Loading Miser dynamically
The format for a Windows module, either an executable or Dynamic-Link
Library (DLL) is defined by the Windows Portable Executable File Format.
Almost every Windows module imports functionality from some other module.
These dependencies are described by a pair of tables; the Import Name Table
and the Import Address Table. When a module is loaded into memory, the loader
will "snap" the addresses in the Import Address Table to the
entrypoint in the destination module. All calls to that function from the
module will be made indirectly through this cell.
When Miser is loaded into an application, it will go through each of the
modules in the application and redirect the entries in the Import Address
Table for each of the C Run-Time Library memory allocation functions to its
own entrypoint.
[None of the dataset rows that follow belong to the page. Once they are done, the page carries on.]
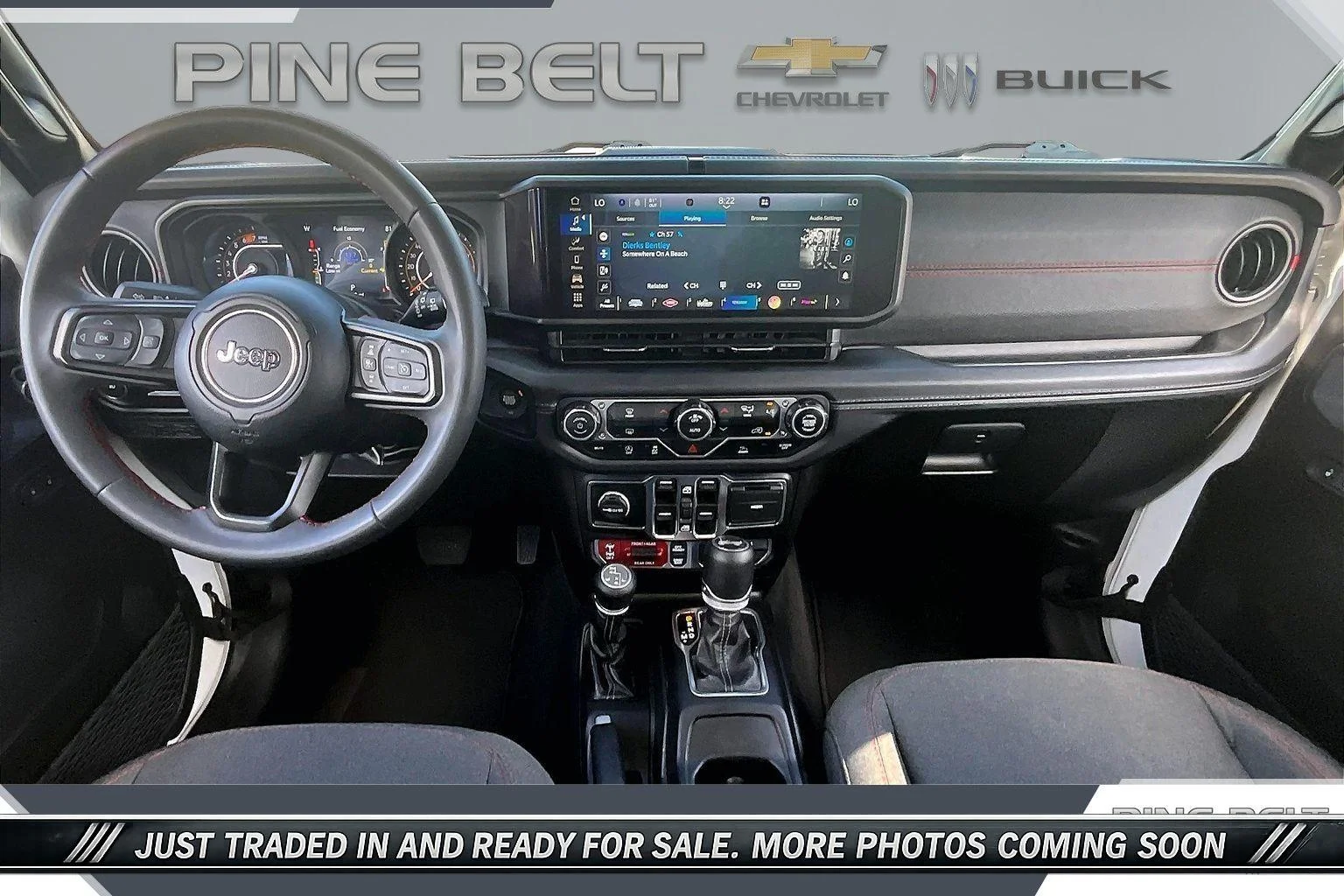 Used 2025 White Jeep 4-Door Rubicon 4x4 image 13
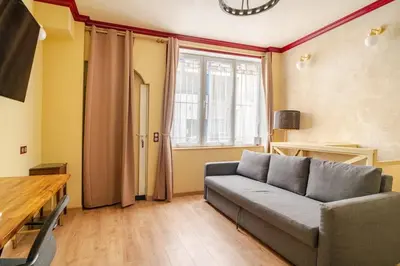 Coin salon dans l'établissement Renovated AC apartment 10 min to eiffel Tower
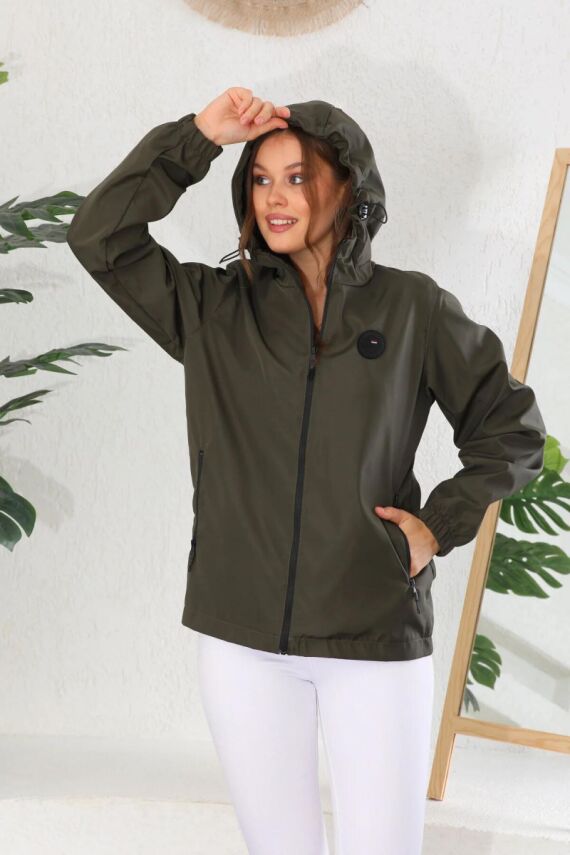 İçi Astarlı Su ve Rüzgar Geçirmez Cepli Kadın Yağmurluk - 25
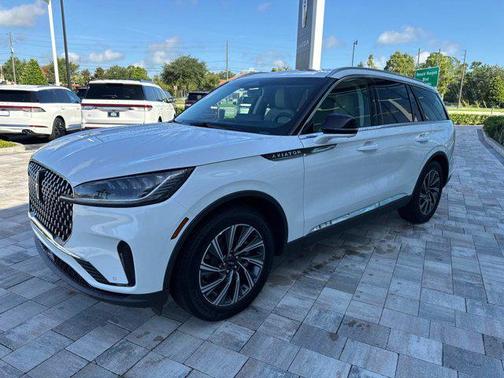 2025 Lincoln Aviator Premiere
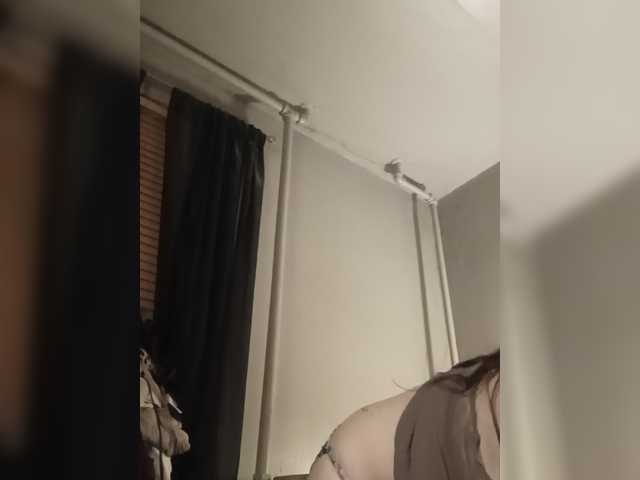 JulietteLatte81 live cam on BongaCams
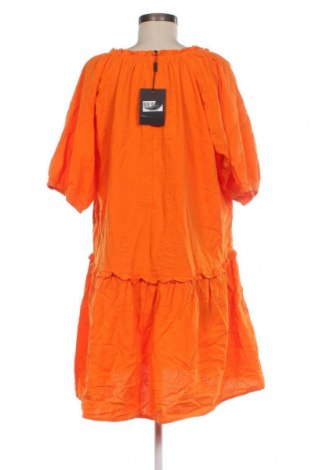 Рокля Decjuba, Размер M, Цвят Оранжев, Цена 38,50 лв.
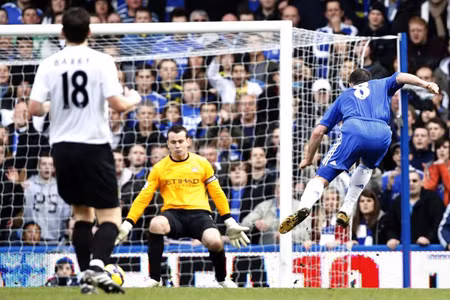 Frank Lampard ghi bàn thắng mở tỷ số cho đội chủ sân Stamford Bridge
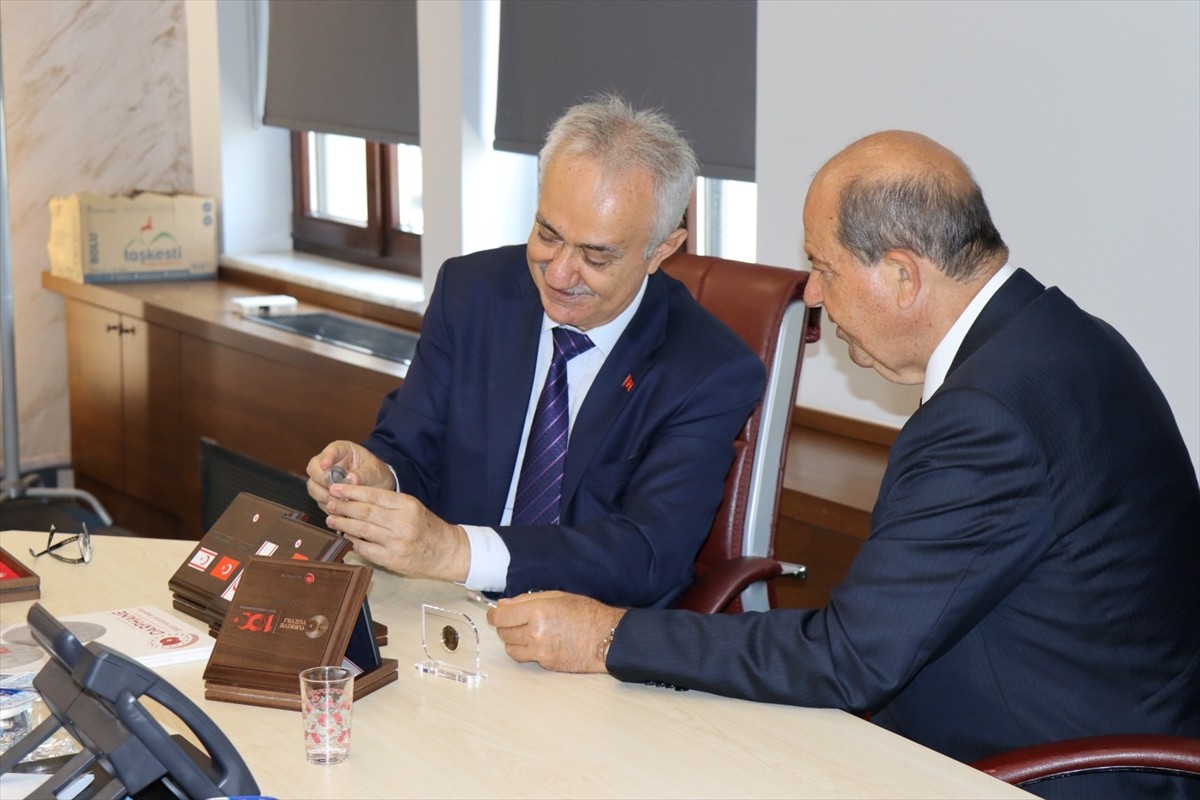 Kuzey Kıbrıs Türk Cumhuriyeti (KKTC) Cumhurbaşkanı Ersin Tatar(sağda), Darphane ve Damga Matbaası...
This technique was first described by Matt Pietrek in
Peering
Inside the PE: A Tour of the Win32 Portable Executable File Format.
Since the modification of the IAT entry is a 32-bit write, it’s an atomic operation;
the IAT entry is either the C Run-Time Library address or the Miser address.
Once Miser has been loaded into a process, it can never be unloaded. While
Miser could restore the original values of the C Run-Time Library functions
in the IATs, the C Run-Time Library functions cannot handle memory allocated
by Miser.
Recognizing blocks not allocated by Miser
When Miser loads into the application, the application may have already
allocated memory. This is no way for Miser to replace those blocks with blocks
from its own resources. Since Miser redirects all calls to free()
and _msize() to itself, it must be able to recognize memory that has
been allocated by the C Run-Time Library and pass those calls to the appropriate
version of the C Run-Time Library.
The Windows OS provides a number of user-mode APIs to manage memory. One of the
most fundamental is VirtualAlloc() which allocates memory in 64K
blocks on 64K boundaries. Miser will subdivide these into 4K superblocks, each
of which starts on a 4K boundary. Not coincidentally, this is the page size for
the 32-bit x86 Windows OS. The first thing in each superblock is a header
which contains a "magic number" and other control information. So
by masking off the low 12 bits of a memory address, we should find the header
for the superblock containing the memory block. There are two checks to
validate a superblock.
-
The superblock header contains the correct "magic number."
-
The superblock header contains a pointer to the per-thread pool owning the
superblock and an index into an array of pointers to the superblocks owned
by the per-thread pool. The entry in the array should match the address of
the superblock.
If either of these tests fails, Miser will pass the call off to the Windows
C Run-Time Library.
An additional benefit of being able to detect memory allocated by the C Run-Time
Library and pass the request on is that Miser can pass any requests for more
than 256 bytes off to the C Run-Time Library.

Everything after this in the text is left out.